Stewart Allman arrived.

‘Any bones broken?’ he said.

‘No,’ said William.

‘We thought you’d be killed.’

‘Get off with you!’ said William. ‘It’s dead safe. Me Grandad made it.’

‘Will you go again?’ said Stewart Allman. ‘From the top.’

‘It’s a heck of a climb,’ said William.

‘I’d give you a pull to half way,’ said Stewart Allman.

‘What about your sledge?’

‘It’s no weight. Honest. Will you?’

‘OK.’

Stewart Allman took both sledges and floundered up the field. William dusted off the snow powder that had sprayed over him in a plume.

‘He’s going again!’ said Stewart Allman when they reached the others. ‘Stand back!’

He handed over the rope to William, and William went on alone.

‘I was going to, anyway,’ he said when he was at the top.

He set off. It had not been imagined. He was not alone on a sledge. There was a line, and he could feel it. It was a line through hand and eye, block, forge and loom to the hill. He owned them all: and they owned him.

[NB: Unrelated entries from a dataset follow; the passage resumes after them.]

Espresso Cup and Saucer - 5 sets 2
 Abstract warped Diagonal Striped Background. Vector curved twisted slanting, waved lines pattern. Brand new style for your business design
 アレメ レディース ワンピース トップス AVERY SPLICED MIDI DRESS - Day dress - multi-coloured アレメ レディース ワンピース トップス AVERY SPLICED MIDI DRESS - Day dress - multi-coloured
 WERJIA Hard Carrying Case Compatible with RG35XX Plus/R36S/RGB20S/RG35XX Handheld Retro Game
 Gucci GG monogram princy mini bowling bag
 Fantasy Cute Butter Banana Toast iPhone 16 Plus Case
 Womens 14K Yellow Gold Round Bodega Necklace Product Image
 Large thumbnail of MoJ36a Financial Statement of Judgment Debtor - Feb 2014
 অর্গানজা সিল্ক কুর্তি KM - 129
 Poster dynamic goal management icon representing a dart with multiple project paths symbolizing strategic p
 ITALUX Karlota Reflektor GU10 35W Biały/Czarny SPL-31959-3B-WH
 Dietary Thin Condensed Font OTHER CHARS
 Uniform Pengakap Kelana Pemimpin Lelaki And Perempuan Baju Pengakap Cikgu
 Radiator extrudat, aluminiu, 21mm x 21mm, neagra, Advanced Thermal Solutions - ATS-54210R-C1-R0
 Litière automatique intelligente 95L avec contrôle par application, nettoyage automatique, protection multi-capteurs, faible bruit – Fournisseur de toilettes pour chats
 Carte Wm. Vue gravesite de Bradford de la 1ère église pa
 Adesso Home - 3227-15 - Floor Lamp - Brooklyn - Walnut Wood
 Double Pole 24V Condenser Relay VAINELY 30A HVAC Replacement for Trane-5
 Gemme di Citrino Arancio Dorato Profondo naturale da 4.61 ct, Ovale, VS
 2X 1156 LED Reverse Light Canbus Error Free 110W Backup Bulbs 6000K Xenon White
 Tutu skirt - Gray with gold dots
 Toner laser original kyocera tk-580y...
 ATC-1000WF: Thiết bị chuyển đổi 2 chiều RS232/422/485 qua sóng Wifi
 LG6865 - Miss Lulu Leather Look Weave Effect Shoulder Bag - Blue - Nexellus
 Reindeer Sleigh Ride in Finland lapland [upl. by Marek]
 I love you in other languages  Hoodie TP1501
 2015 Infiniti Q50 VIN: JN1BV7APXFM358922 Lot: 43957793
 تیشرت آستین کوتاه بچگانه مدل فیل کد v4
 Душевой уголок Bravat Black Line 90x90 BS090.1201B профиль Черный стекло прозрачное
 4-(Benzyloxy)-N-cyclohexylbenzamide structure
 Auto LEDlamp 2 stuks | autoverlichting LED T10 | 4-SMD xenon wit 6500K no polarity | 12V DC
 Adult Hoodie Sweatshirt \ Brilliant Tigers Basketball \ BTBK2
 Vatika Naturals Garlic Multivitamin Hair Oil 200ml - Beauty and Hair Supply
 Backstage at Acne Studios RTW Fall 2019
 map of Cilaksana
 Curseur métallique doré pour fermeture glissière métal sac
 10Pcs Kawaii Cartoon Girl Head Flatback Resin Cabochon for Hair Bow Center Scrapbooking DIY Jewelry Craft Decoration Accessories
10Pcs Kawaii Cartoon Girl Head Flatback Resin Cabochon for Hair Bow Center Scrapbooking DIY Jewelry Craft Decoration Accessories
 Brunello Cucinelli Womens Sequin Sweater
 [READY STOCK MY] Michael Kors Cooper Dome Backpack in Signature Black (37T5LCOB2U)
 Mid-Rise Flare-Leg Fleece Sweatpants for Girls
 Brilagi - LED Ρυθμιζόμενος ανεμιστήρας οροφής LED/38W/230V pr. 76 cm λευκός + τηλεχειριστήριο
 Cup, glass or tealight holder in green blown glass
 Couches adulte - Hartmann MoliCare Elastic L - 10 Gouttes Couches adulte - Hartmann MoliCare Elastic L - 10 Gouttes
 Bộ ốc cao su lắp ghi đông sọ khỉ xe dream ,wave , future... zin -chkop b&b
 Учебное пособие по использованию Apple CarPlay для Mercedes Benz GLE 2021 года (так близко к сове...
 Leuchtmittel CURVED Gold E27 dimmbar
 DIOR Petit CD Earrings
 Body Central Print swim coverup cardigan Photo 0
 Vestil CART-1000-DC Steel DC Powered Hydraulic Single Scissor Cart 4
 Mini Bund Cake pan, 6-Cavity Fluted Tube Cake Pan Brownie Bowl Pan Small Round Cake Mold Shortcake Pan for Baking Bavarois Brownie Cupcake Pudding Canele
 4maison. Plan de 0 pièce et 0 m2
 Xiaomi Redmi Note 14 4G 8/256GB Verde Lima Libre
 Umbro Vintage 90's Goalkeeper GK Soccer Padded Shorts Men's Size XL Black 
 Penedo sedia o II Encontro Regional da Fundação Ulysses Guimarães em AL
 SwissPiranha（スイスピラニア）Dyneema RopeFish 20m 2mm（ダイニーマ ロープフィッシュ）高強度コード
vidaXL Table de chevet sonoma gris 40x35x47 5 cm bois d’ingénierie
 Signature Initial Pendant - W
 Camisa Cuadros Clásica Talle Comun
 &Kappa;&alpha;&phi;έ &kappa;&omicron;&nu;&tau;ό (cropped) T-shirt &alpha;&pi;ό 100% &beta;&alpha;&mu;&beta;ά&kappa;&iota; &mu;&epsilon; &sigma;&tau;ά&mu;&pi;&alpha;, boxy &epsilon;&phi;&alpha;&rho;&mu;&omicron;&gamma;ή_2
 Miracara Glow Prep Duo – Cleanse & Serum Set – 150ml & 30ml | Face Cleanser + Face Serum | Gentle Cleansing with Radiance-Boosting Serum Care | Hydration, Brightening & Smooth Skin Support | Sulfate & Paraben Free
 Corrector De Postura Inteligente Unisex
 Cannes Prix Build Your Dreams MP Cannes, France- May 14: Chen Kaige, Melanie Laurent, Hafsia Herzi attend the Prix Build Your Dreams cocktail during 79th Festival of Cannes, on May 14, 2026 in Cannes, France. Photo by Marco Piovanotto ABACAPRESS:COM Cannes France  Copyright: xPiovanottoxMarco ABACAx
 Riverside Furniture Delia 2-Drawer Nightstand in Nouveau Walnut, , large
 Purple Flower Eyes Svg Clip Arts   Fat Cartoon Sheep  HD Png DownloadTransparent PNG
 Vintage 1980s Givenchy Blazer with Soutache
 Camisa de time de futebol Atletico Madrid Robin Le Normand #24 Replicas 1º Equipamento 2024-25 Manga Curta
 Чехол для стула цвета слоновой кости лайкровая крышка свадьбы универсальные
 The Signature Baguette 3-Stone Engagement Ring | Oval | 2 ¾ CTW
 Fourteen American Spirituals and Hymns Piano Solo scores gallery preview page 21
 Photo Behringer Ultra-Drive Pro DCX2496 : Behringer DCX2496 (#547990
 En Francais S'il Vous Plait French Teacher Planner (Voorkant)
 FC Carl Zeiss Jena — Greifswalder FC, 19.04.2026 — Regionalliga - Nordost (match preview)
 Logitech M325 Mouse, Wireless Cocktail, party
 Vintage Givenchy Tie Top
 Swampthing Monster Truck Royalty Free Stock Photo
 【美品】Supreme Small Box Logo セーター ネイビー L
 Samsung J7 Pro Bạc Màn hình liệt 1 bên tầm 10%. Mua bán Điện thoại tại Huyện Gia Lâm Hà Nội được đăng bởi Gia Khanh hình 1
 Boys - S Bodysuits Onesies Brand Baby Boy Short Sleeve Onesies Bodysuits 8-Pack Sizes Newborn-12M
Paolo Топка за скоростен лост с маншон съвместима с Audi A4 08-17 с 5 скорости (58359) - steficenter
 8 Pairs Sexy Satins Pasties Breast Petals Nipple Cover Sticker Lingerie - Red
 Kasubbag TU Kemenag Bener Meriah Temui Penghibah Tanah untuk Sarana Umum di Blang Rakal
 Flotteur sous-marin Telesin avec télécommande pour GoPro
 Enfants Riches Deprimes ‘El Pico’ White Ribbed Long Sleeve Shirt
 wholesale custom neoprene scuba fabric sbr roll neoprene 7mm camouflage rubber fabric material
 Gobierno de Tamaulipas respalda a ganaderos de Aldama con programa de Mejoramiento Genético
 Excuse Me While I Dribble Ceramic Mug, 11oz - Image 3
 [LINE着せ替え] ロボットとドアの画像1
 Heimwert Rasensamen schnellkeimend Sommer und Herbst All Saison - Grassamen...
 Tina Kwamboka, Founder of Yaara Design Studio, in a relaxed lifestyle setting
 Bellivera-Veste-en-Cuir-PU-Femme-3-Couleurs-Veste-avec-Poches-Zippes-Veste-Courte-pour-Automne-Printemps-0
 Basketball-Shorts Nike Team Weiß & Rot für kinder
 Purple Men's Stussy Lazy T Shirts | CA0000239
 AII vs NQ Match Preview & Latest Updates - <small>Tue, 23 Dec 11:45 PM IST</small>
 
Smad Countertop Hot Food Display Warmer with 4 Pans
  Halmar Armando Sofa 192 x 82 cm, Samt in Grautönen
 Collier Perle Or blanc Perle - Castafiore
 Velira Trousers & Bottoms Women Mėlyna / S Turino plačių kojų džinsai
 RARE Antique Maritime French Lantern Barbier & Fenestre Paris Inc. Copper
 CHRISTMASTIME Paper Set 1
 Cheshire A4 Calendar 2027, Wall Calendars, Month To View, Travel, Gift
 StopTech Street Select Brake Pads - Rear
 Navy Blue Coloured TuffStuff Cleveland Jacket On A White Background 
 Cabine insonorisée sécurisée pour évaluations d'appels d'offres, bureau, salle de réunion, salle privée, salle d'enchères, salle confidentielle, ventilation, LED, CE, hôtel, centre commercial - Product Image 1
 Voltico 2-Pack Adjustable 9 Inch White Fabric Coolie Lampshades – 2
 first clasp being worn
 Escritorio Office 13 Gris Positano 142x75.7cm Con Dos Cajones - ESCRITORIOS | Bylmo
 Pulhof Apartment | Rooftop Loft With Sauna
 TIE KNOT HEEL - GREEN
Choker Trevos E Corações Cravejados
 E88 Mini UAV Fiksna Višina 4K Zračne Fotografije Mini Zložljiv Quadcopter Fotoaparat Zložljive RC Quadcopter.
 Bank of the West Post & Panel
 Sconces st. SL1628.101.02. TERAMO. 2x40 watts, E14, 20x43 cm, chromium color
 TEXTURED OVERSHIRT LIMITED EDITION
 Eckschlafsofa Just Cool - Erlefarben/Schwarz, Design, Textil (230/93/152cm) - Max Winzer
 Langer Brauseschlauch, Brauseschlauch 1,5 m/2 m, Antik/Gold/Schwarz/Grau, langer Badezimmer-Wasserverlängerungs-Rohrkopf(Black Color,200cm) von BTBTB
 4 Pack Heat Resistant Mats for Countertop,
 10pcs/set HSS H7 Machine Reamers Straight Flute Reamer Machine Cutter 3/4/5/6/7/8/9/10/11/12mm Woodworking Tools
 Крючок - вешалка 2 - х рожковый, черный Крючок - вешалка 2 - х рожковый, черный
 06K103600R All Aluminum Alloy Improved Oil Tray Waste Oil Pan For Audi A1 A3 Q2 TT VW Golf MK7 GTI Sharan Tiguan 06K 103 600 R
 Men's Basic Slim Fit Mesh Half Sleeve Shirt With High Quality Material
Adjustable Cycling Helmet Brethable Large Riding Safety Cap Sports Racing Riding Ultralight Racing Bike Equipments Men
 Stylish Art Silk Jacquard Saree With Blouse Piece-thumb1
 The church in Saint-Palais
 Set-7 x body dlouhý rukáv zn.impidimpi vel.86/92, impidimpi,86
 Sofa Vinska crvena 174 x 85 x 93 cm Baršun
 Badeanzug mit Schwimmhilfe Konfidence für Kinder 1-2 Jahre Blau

‘Good-lad-Dick,’ said Stewart Allman after the second run, but he didn’t offer to pull the sledge, and the others had lost interest. William shouted whenever he was ready to go from the top, and the way was left clear; but that was all.

The Dorniers came in from the east and the Heinkels flew overhead. The search-lights swivelled around the sky, but never saw anything, and the guns began to fire. William watched from the top of the field.

A battery of guns opened up, the flash and then the noise. Everybody stopped sledging when the shrapnel began to fall. It was easier to find on Lizzie Leah’s than it was in the village. The fragments zipped and fizzed into the snow. William collected until his pockets were full. He needn’t have swapped his incendiary. He had more shrapnel than he could keep.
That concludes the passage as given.